- Opening Delimiter -

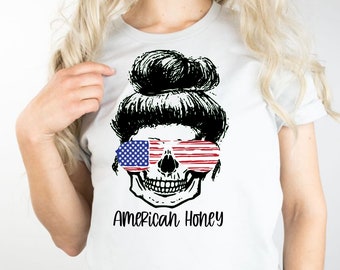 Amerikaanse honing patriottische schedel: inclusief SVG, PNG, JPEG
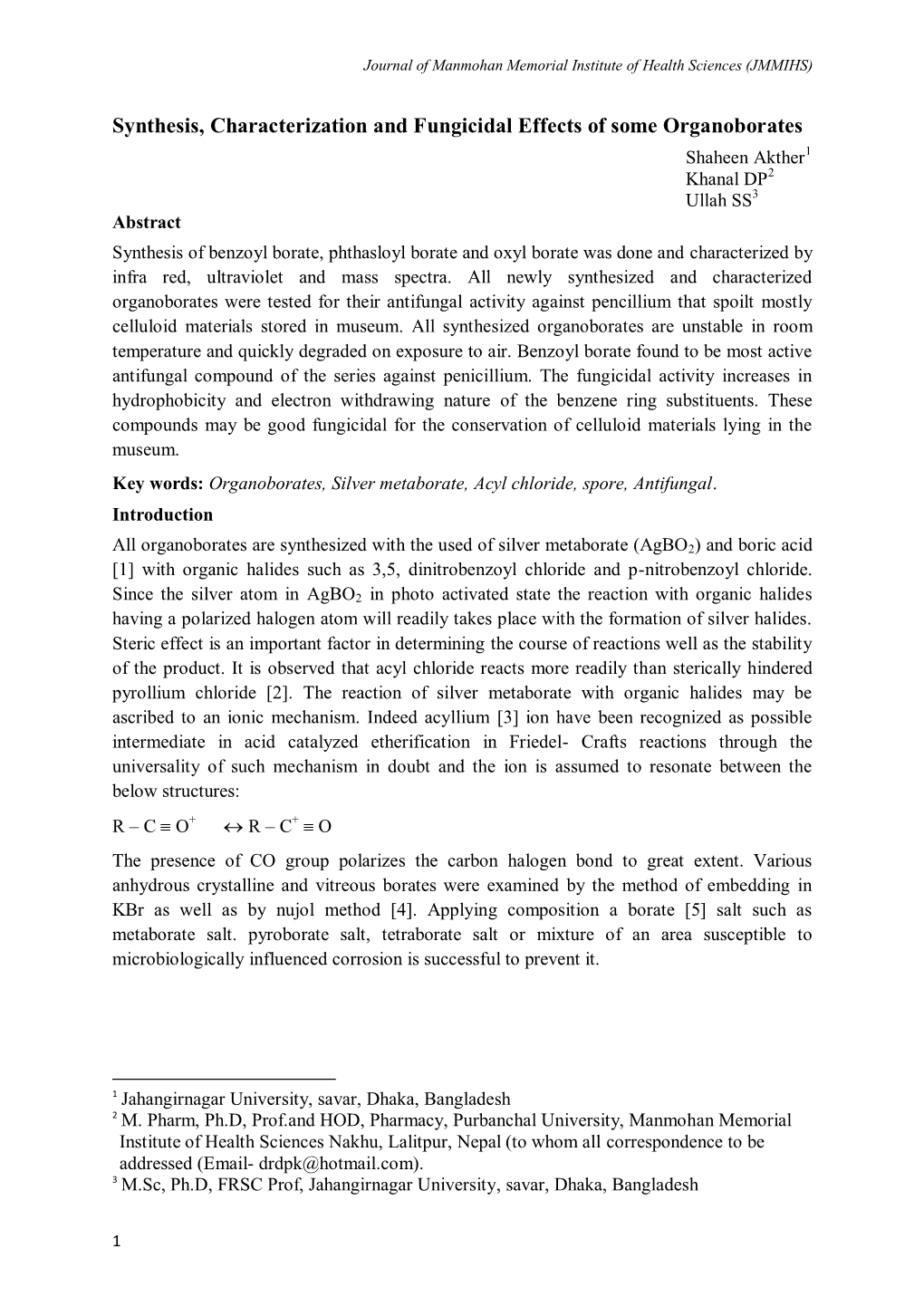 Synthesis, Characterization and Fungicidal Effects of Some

- Closing Delimiter -
- Opening Delimiter -

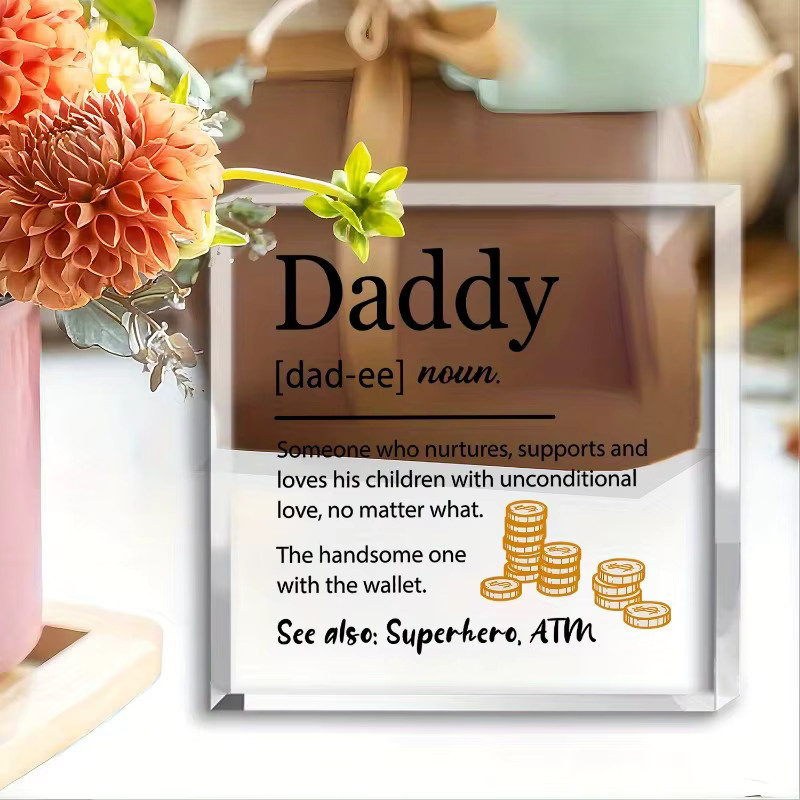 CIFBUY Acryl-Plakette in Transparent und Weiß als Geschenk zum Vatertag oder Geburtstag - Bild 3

- Closing Delimiter -
- Opening Delimiter -

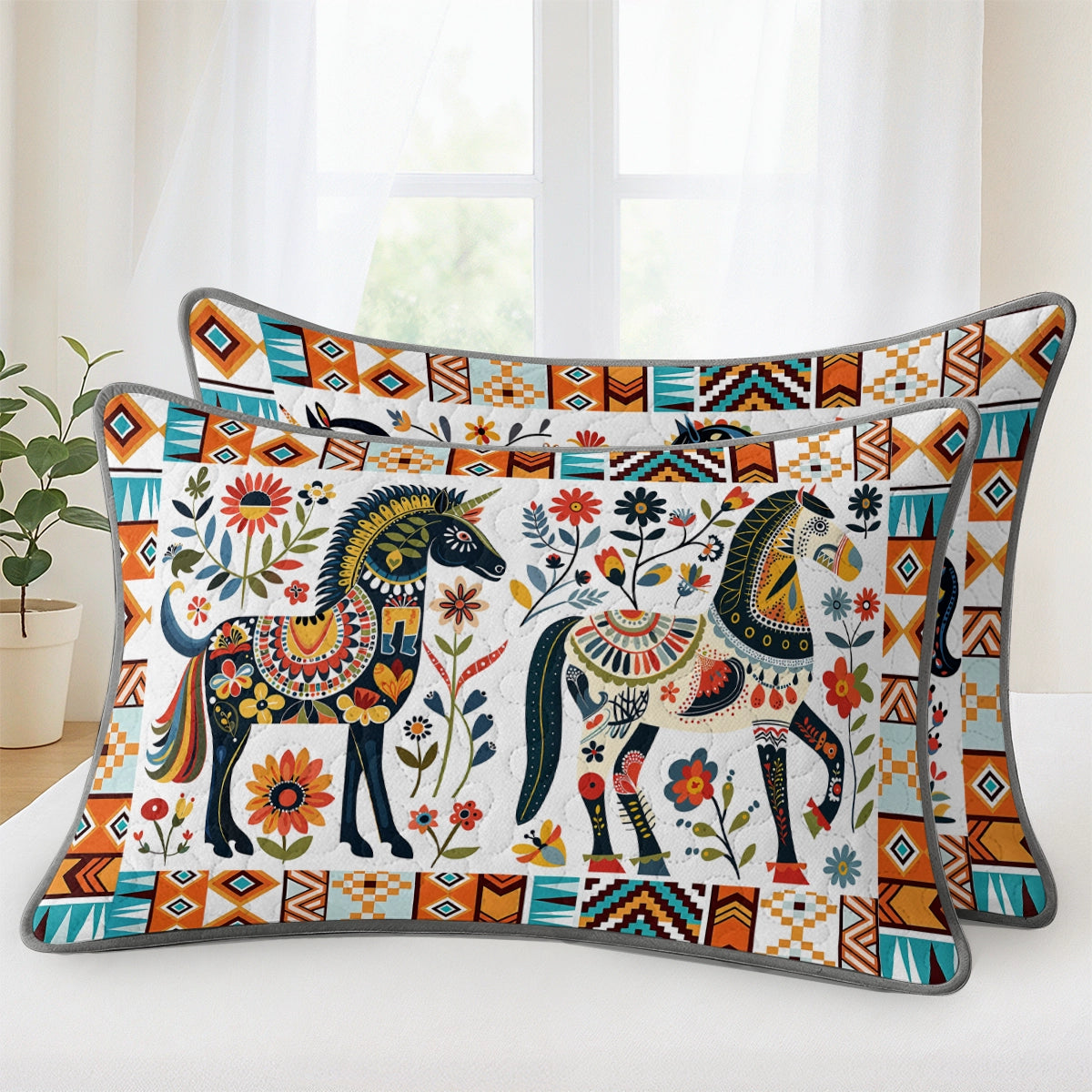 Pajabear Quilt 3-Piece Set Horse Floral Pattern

- Closing Delimiter -

### AIM OF THE EXERCISE
The material above holds pictures; leave them out. Repeat exactly the lines from the one containing "Amerikaanse honing patriottische" through the one containing "Synthesis, Characterization and", and nothing else.

### FINAL ANSWER
 Amerikaanse honing patriottische schedel: inclusief SVG, PNG, JPEG
 Synthesis, Characterization and Fungicidal Effects of Some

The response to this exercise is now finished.